Владимир Познер: «Ни от кого нельзя требовать, чтобы он шел на баррикады, каждый делает свой выбор»

— В книге вы пишете, что у вас был ангел-хранитель из КГБ, некто Виктор Александрович, телефон которого вам дал отец «на крайний случай». Кто это?

— Понятия не имею. И он, конечно же, не Виктор Александрович. У него квартира была на Ленинском проспекте, недалеко от здания Академии наук. Знаю, что это был крупный чин, который спас меня на самом деле от лагеря, когда была записана моя беседа с тремя советниками разных посольств: я позволил себе высказаться очень критически в адрес советской власти, говорил об антисемитизме и так далее. И он тогда меня вызвал в ресторан «Прага» и показал мне запись того, что я говорил. И сказал мне, что только из-за моего отца и из-за моей матери, которая, вероятно, не выдержала бы этого, он меня отмажет от срока, но чтобы я знал, что эта дверь для меня закрыта навсегда.

Но ангел-хранитель, Женя, — это тот, который сидит во мне. Это то чувство, которое не дало мне стать биологом, которое заставляло меня поступать так, а не иначе. То есть я понимаю ангела-хранителя именно в этом смысле, как что-то такое, что во мне живет и в какой-то момент очень сильно влияет на принятие решений.

Например, когда я работал в Главной редакции политических публикаций (начало шестидесятых; эта редакция была подразделением КГБ, службы дезинформации, но официально входила в АПН. — The New Times), туда приехал молодой человек в очках, очень такой западный, и сказал мне: «Володь, будешь с нами работать, будешь ездить по всему миру. Ты будешь кататься, как сыр в масле. А нет, так ты не поедешь никуда». Я сказал нет, я не буду с вами работать. Каждый из нас делает выбор. Я сказал нет, не буду.

— Почему, Владимир Владимирович? Ведь многие — ради возможности выезжать за границу — соглашались на сотрудничество с КГБ.

— Потому что нельзя. Есть вещи, которые нельзя.

— Но для вашего отца это можно было.

— Он верил, понимаете, он глубоко верил в советский строй, он верил, что это новое общество, он верил, что это общество, где нет богатых и бедных, а есть нормальные люди. И он не верил, что был террор, ГУЛАГ. Была целая группа людей, которые на все это закрывали глаза. Вот это, я считаю, можно простить, потому что он — верил. Можно сказать — идиот, кретин, все, что угодно, но нельзя винить. Я же — не верил.

— А вы отцу рассказывали о том, что вас пытались вербовать?

— Да, говорил. Он сказал: не надо, у тебя не тот характер.

— Отец, пожив в Берлине и Москве, не разочаровался?
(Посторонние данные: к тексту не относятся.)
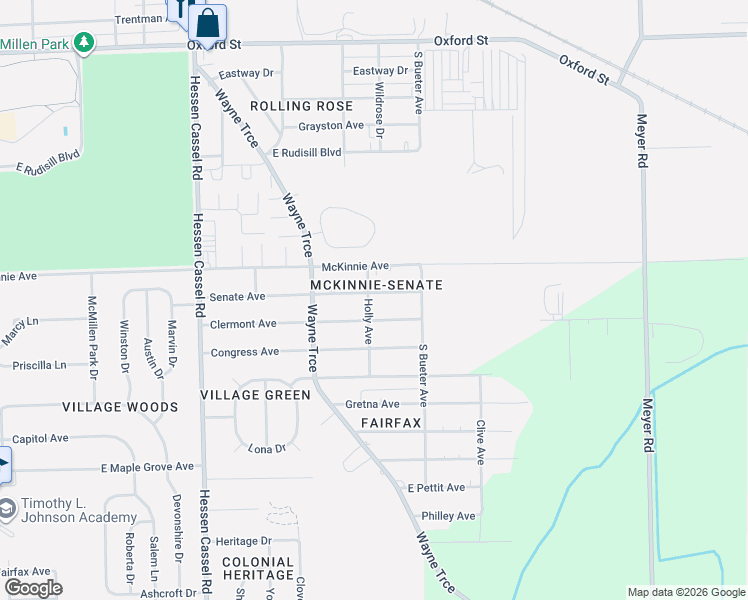map of restaurants, bars, coffee shops, grocery stores, and more near 3802 Senate Avenue in Fort Wayne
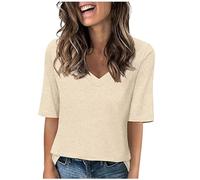 Tee Shirt Femme Col V T-Shirts Sport Yoga Fitness Manches Courtes Top D’entraînement Port Quotidien Chemisiers et Blouses Femme Coupe Ample pour Tenues Quotidiennes Tops Grande Taille Couleur Unie
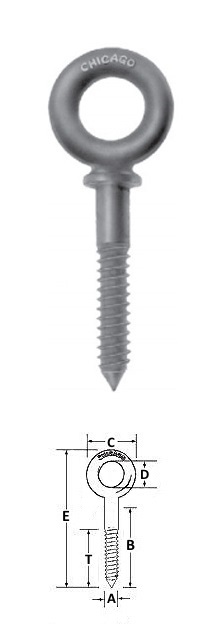 Screw Thread Eye Bolt - Galvanized - 5/8" x 4-1/2"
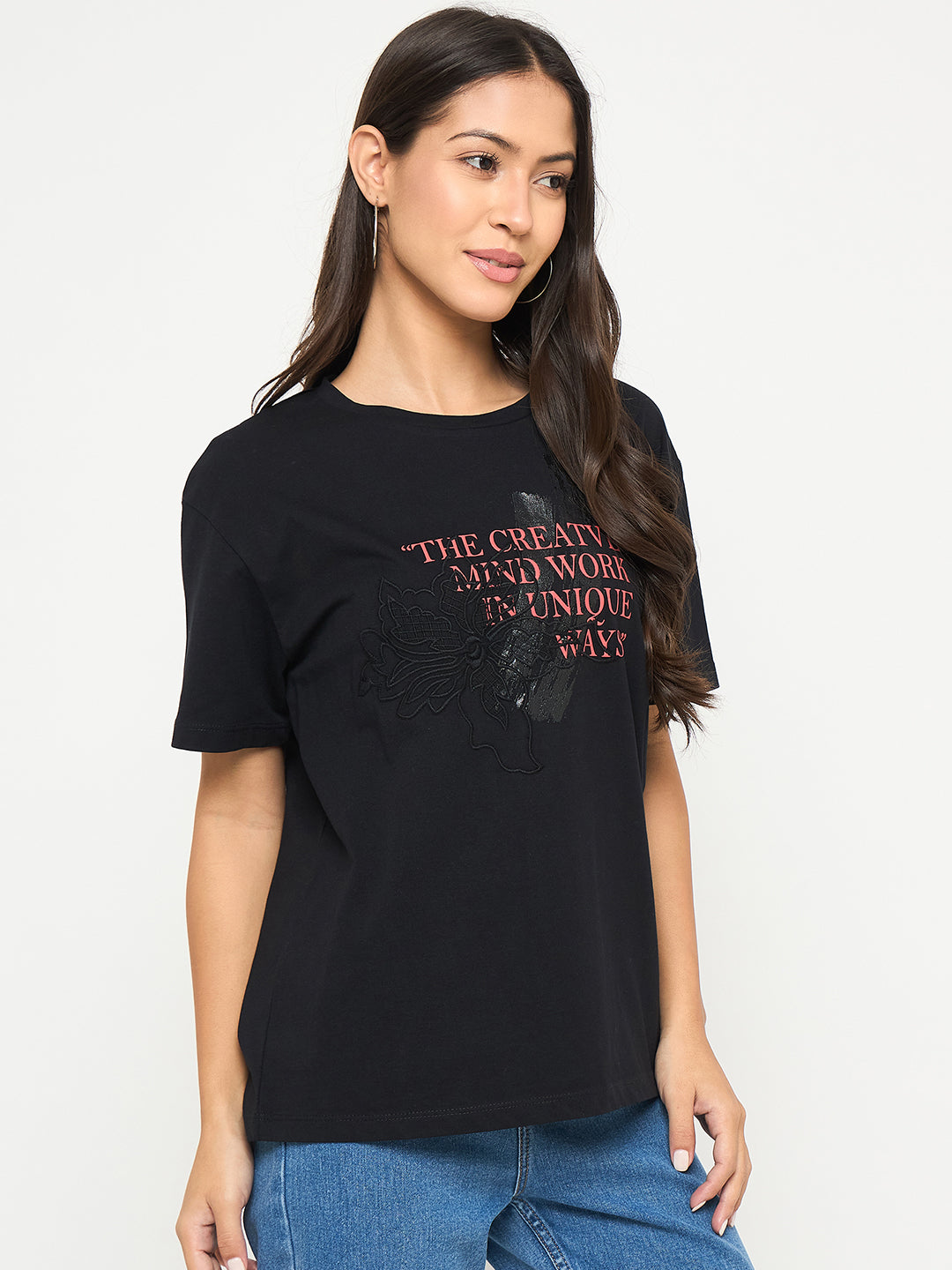 Madame Ladies Western Top H/S M5S11250 002 Black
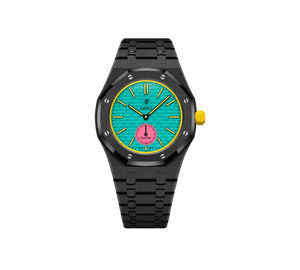 Relógio Swatch x Audemars Piguet Bioceramic Royal Pop 'Savonnette Otg Roz' Amarelo com Pulseira – relógio montado no case full frame com pulseira em aço inoxidável preto, vista frontal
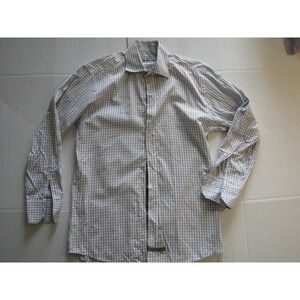 English Laundry Dress Shirt Mens 15.5 32/33 Gray Check Button Front Long Sleeve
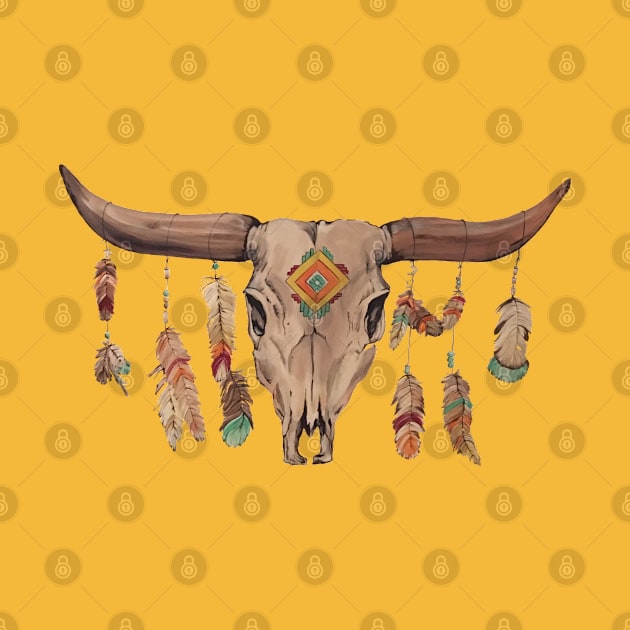 Cattle Skull With Feathers And Beads by BonnieSales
— Не знаю. Нельзя было даже подойти к этой теме. Может быть, он маме говорил. Может быть, он говорил своей любимой сестре Виктории Александровне, которая умерла недавно в 96 лет. Скорее всего, он ей говорил, но она была в этом смысле могила. Она только, помню, однажды сказала мне: «Твой отец проститутка». Я говорю: «Почему?» — «Да потому что он думает, что оттого, что сослужил службу советской власти, они должны ему быть благодарны».